Oh Man, You Need To Go To Oman
Oman is known for its rich history, stunning architecture, mosques, museums, and so much more. Most travellers only have a week or so, and to truly appreciate Oman – you really have to fit a lot in. So if you have a few days, and an appetite for culture then here are some of the things to see and do in Oman. As well as general travel tips.
Ras Al Jinz
In Eastern Oman, you will find this gem. It is a beautiful space where around 20,000 female endangered green turtles come every year to lay their eggs. The beach is stunning, and the crystal waters are a sight to behold. You will be able to peacefull observer the little green turtles digging their way out of the sand and heading back to the sea. Or see the mothers nesting and laying eggs. There are a number of early morning tours that you can book a place on.
The National Museum of Oman
This awe-inspiring museum was founded in 2016 in Muscat. It has a display of Omani heritage. It comes in at a rather large and impressive 13,700 square metres and has several galleries. They bring the exhibits about the history and culture of Oman to life with substantial electronic monitors. The galleries are:
- The Land and People
- Maritime History
- Prehistory and Ancient History
- Splendours of Islam
- Arms and Armour
- And more
Royal Opera House
This might be one of the most opulent buildings in the world. The Royal Opera House was built in 2011 and is in Shatti Al Qurum, Muscat. While you are inside, you might consider the space to be more of a palace than an opera house. It offers a range of international performances.
Located in Eastern Oman, near Muscat the Bimmah or Dabab sinkhole can be visited. The sinkhole was formed because of the dissolution of the lower layers of limestone. The surface layers then collapsed and what is left is the more clear turquoise waters you can hope to see. The rocky formations that encases the sinkhole are interesting to look at, and it is one of the most beautiful things you can expect to see.
Sultan Qaboos Grand Mosque
You don’t have to have any religious affiliations to appreciate the shining golden domes, the engraved walls, or the incredibly unique lamps and chandeliers. The mosque is an architectural wonder that can be appreciated by many.
This bustling and beautiful souq is situated in the Governorate of Muscat. It is a traditional market and has several small shops that sell Omani products. You’ll be entranced with the vibrant fabrics, the glistening gold and silver and the clothing too. It is worth visiting for a few hours, and certainly, somewhere you should be taking your camera too.

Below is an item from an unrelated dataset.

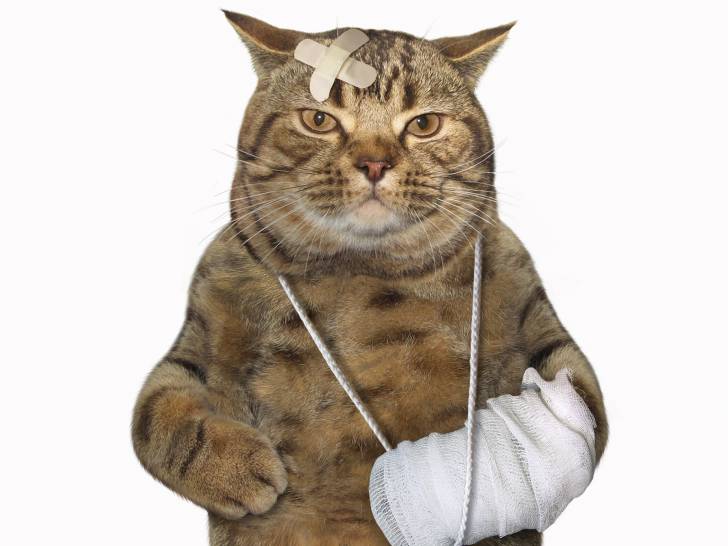 Les différents risques d'accidents pour le chat à l'extérieur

If you are a fan of getting to know a place by hiking around it, then Majilis Al-Jinn is the place for you. This is the second-largest cave chamber in the world. It is located at around 1,380 meters above sea level, and there are only a few places where you can enter. The rock formations and the sun shining through gaps above make this a unique experience for adventurers and hikers alike.
Sands of Rub’ Al Khali
If you’re fond of sand dunes and salty air… Then you are going to want to take the time to visit the sand dunes of Al Rub’ Al Khali. It is one of the most oil-rich places in the world and has an expansive 650,000 square kilometres of desert, of course, you’re going to need a safari guide to help you make the most of it, and stay safe too.
Al Hamara Ruins
If you have a soft spot for ruins, then this is the place for you. You can explore ruins that are between 700-1000 years old. One of the most interesting things is that no one really knows how old they are. This isn’t usually on the list of things tourists do when they visit Oman, so you are unlikely to bump into other tourists here. Budget plenty of time for exploring and pack plenty of water.
All of those amazing things to do aren’t going to make your heart sing if you skip over the practical points of visiting Oman. So here are some useful tips to help you make the most of it.
Oman is renowned for having a deep respect for its culture and traditions. While you are there, you should try to dress reasonably conservatively. You will see women in long dresses and a scarf that covers their head. While the men wear a dishdasha and a traditional cap. While you won’t have to wear traditional clothing, modesty and not showing too much skin is the most respectful thing to do.
The local currency is the Omani Rial. One Omani Rial is equal to roughly 2-3 pounds or dollars, but you’ll need to check the exchange rate. And, one Omani Rial is equal to 1,000 basias – which is another smaller currency. Tipping isn’t customary, but like anywhere if you like the service then do so.
Oman is a very safe country. The Omani people and the police care for their country and for those that visit. Knock for their warm welcome with coffee and dates, and frankincense in the air. Of course, in order to have the smoothest visit, you should make sure that you have all of your paperwork in order like your evisa Oman, travel insurance, passport and copies of all of your travel documents too.
Oman is a super sunny country in almost all seasons. Try to pack light, colourful clothing to help you manage the humidity and the temperature that you are likely to discover. A great tip if you would prefer to have it a little less hot is head to Salalah. You are more likely to have warm summer rain there.